_Task statement_.
The material below is to be copied exactly from the line with "More Photos Of" up to and including the line with "A biriyani bowl handed over at the market", with nothing else kept and no pictures.

_Data extract_.
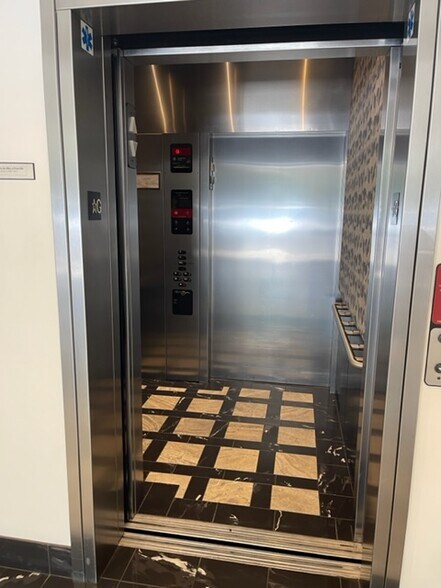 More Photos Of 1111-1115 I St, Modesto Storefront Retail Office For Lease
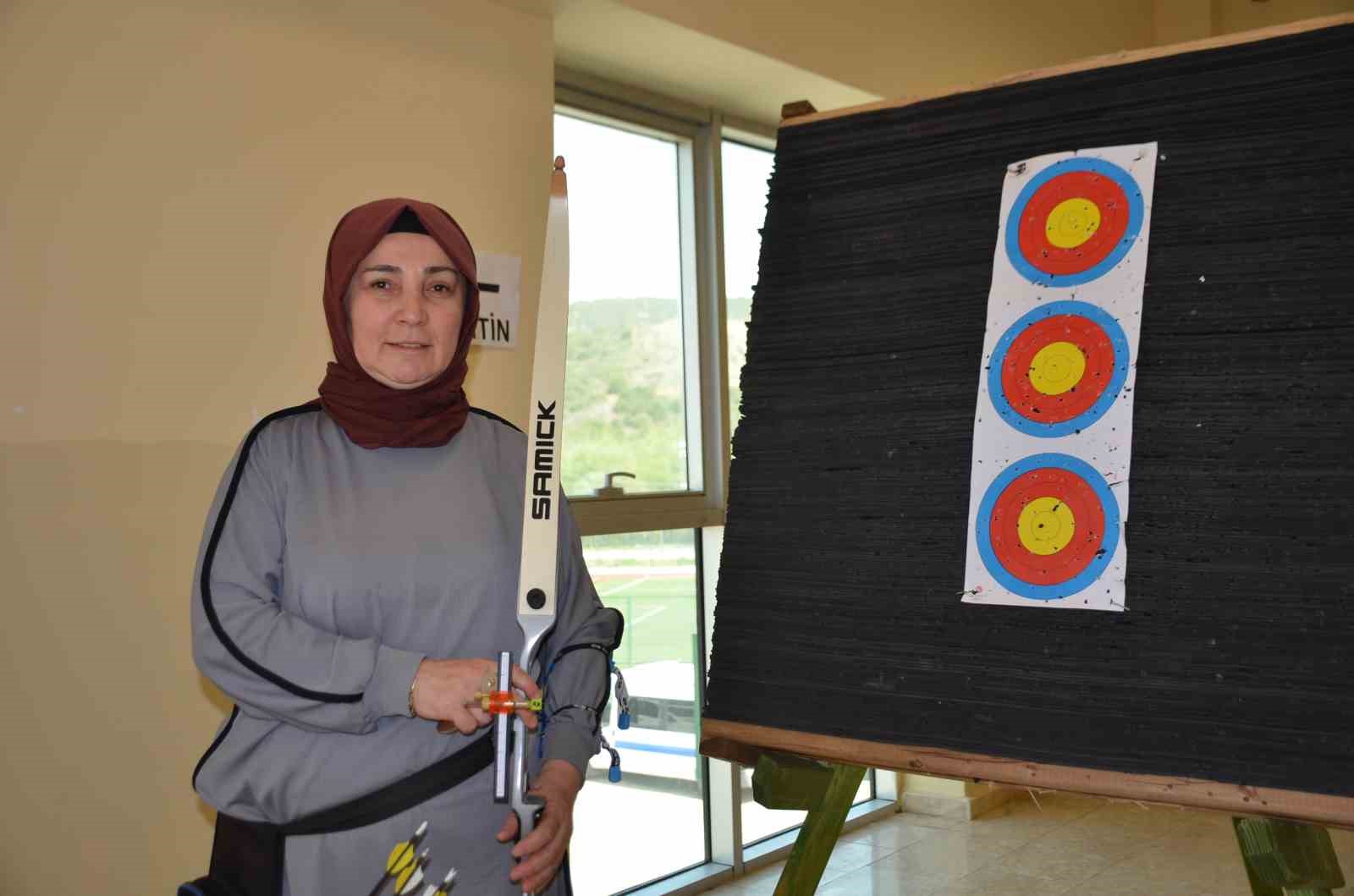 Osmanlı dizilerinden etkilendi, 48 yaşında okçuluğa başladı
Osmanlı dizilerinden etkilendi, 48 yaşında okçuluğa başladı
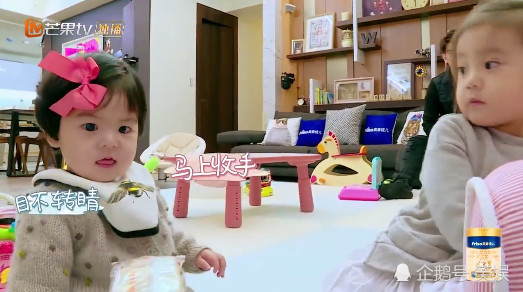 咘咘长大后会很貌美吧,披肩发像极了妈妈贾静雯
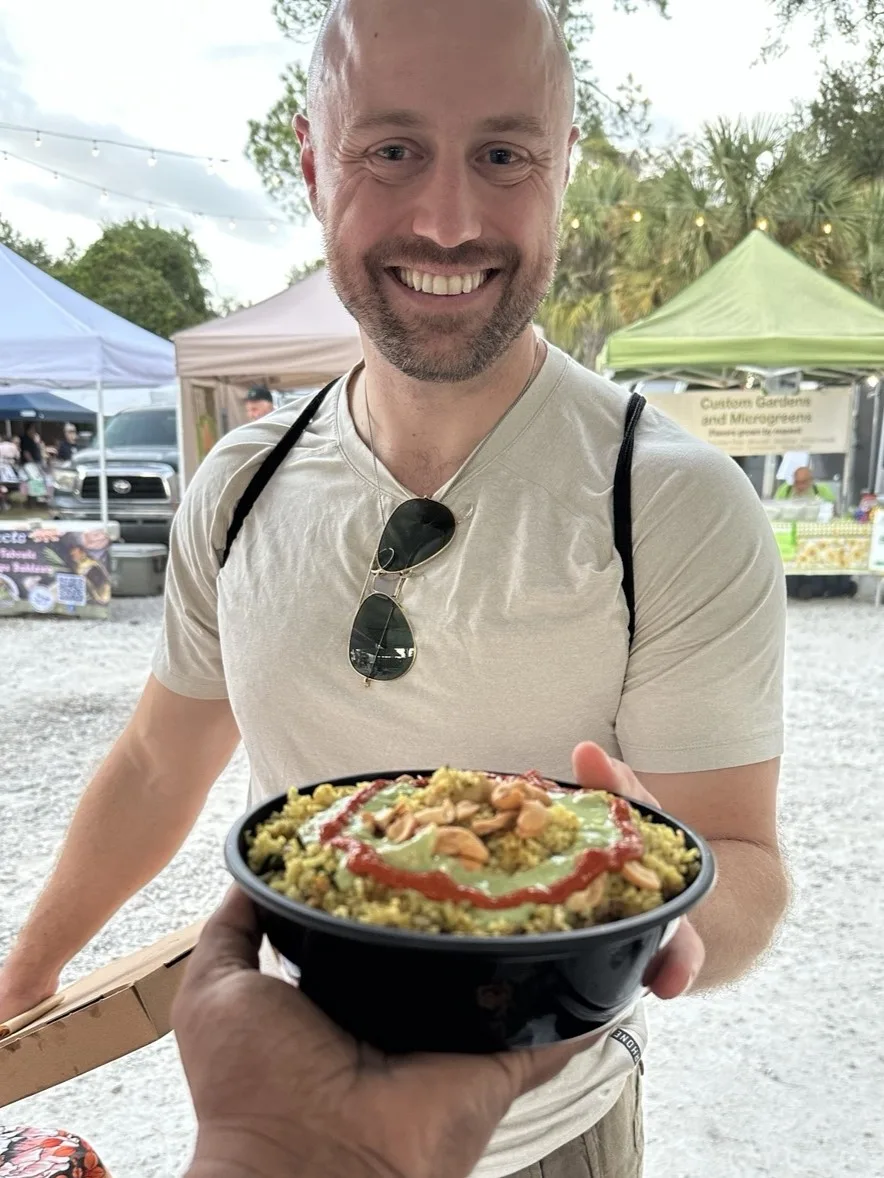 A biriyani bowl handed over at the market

* * *

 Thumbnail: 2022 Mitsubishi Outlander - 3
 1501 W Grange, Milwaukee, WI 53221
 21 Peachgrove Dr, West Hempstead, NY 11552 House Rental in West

_Written answer_.
 More Photos Of 1111-1115 I St, Modesto Storefront Retail Office For Lease
 Osmanlı dizilerinden etkilendi, 48 yaşında okçuluğa başladı
Osmanlı dizilerinden etkilendi, 48 yaşında okçuluğa başladı
 咘咘长大后会很貌美吧,披肩发像极了妈妈贾静雯
 A biriyani bowl handed over at the market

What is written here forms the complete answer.